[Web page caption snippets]

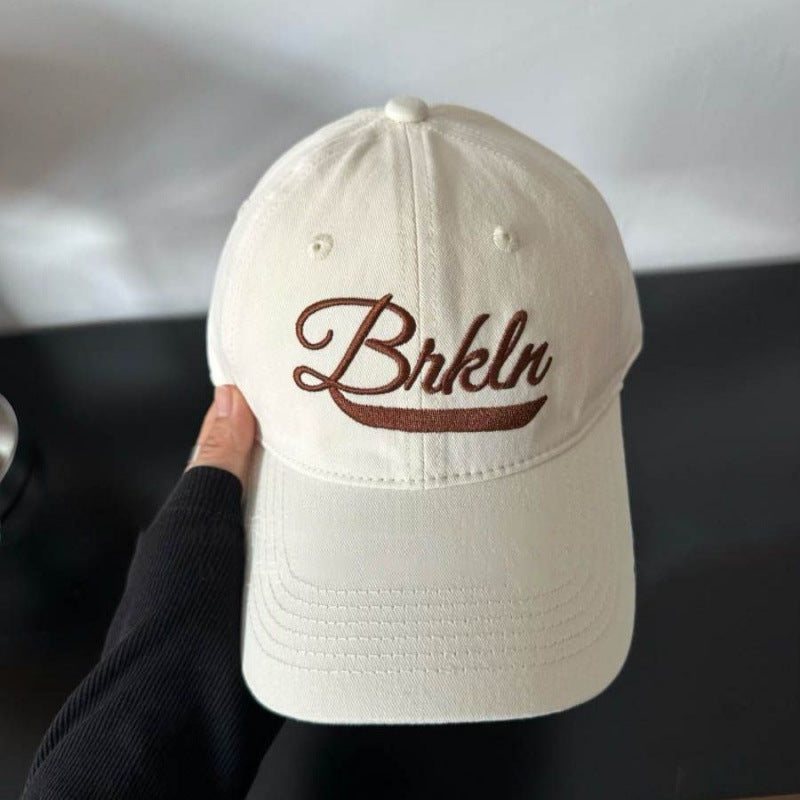 Women's Adjustable Brimmed Baseball Cap Bowlift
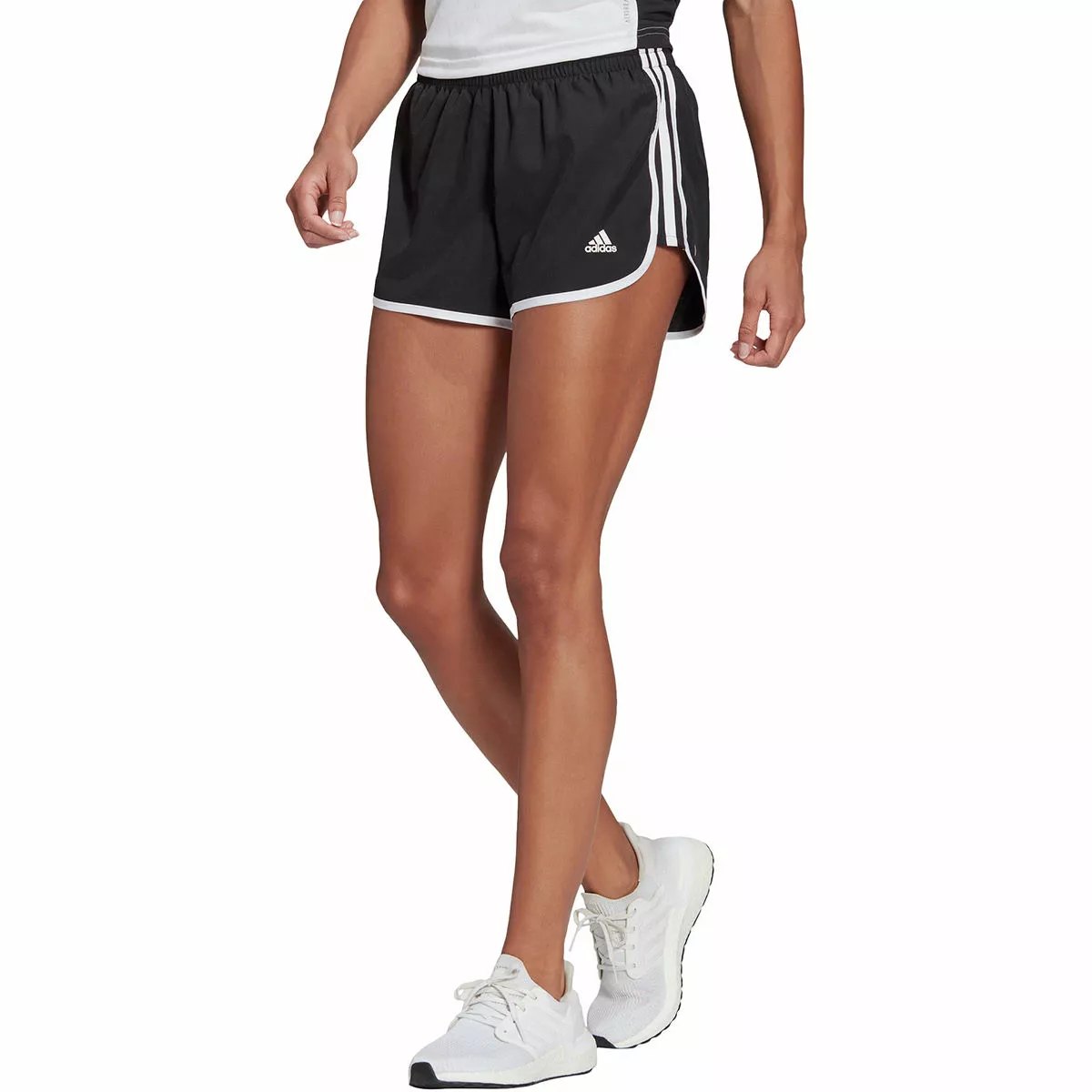 Pantalón Corto De Running Adidas Marathon 20 Para Mujer (10 Cm Aprox.) 4 Pantalón Corto De Running Adidas Marathon 20 Para Mujer (10 Cm Aprox.) - Imagen 2
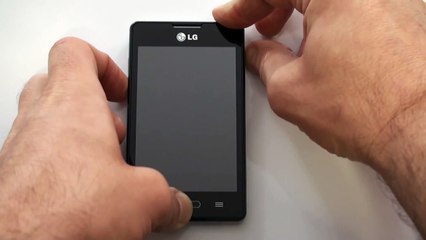 LG Optimus L4  E440 hard reset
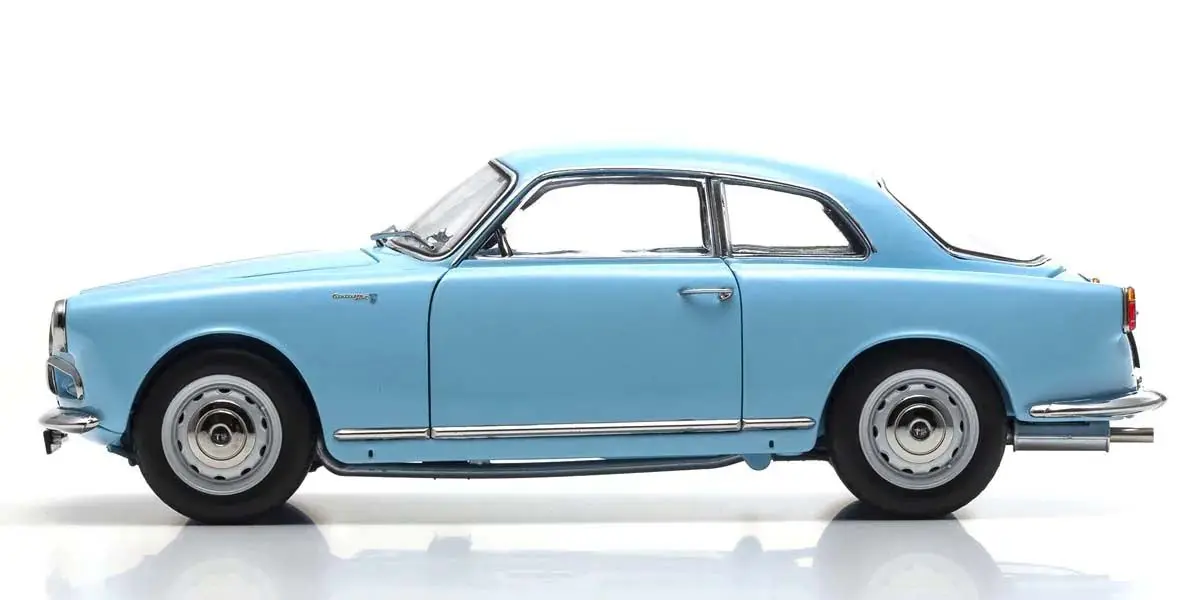 Kyosho 1:18 Alfa Romeo Giulietta Sv Targa Florio 1957 Nr.24 – RC Cars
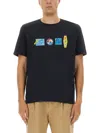 Ps By Paul Smith Ps Paul Smith Regular Fit T-shirt In Black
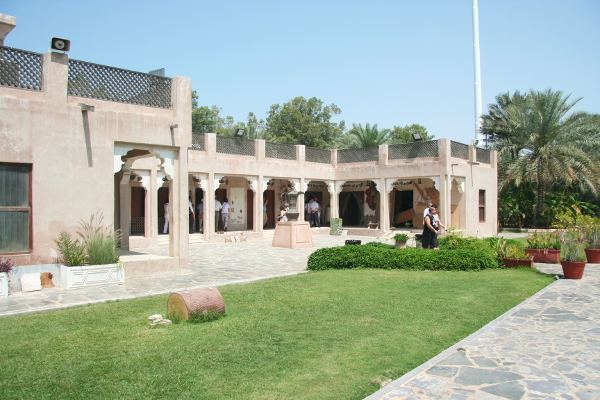 Heritage village in Abu Dhabi..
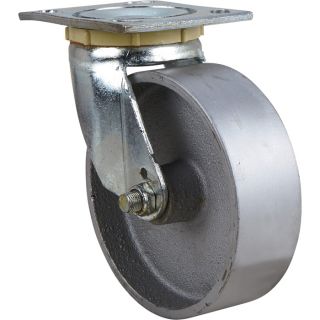 6 Inch x 2 Inch Fairbanks Swivel Weldless Caster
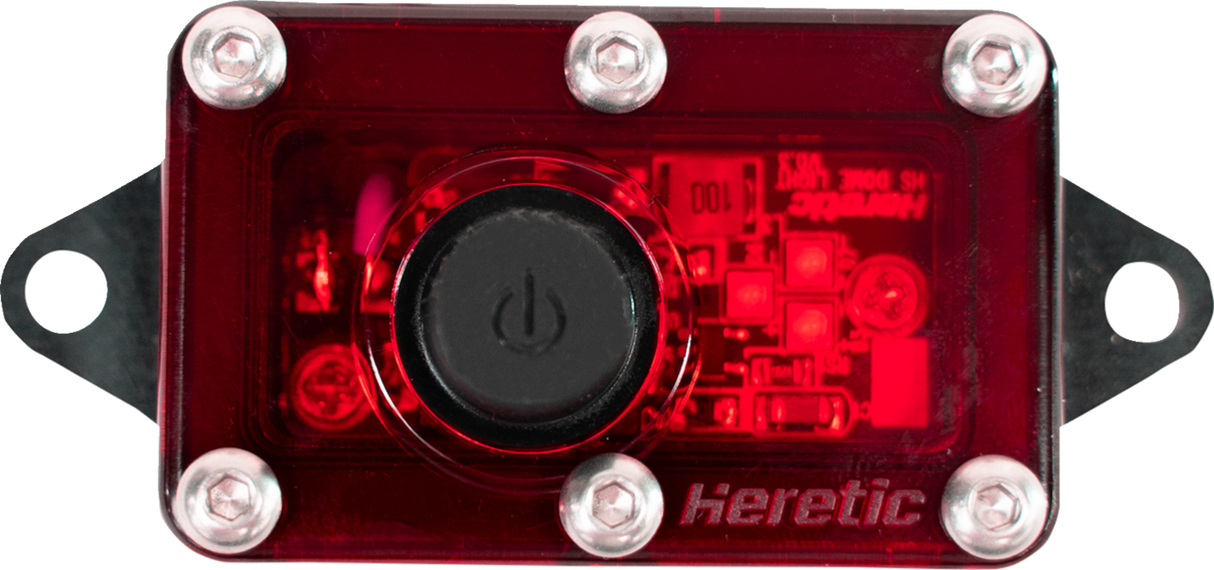 HERETIC Dome Light - LED - Red 70030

Work to complete = Set down every entry above again exactly, dropping each picture.

Response area =
 Women's Adjustable Brimmed Baseball Cap Bowlift
 Pantalón Corto De Running Adidas Marathon 20 Para Mujer (10 Cm Aprox.) 4 Pantalón Corto De Running Adidas Marathon 20 Para Mujer (10 Cm Aprox.) - Imagen 2
 LG Optimus L4  E440 hard reset
 Kyosho 1:18 Alfa Romeo Giulietta Sv Targa Florio 1957 Nr.24 – RC Cars
 Ps By Paul Smith Ps Paul Smith Regular Fit T-shirt In Black
 Heritage village in Abu Dhabi..
 6 Inch x 2 Inch Fairbanks Swivel Weldless Caster
 HERETIC Dome Light - LED - Red 70030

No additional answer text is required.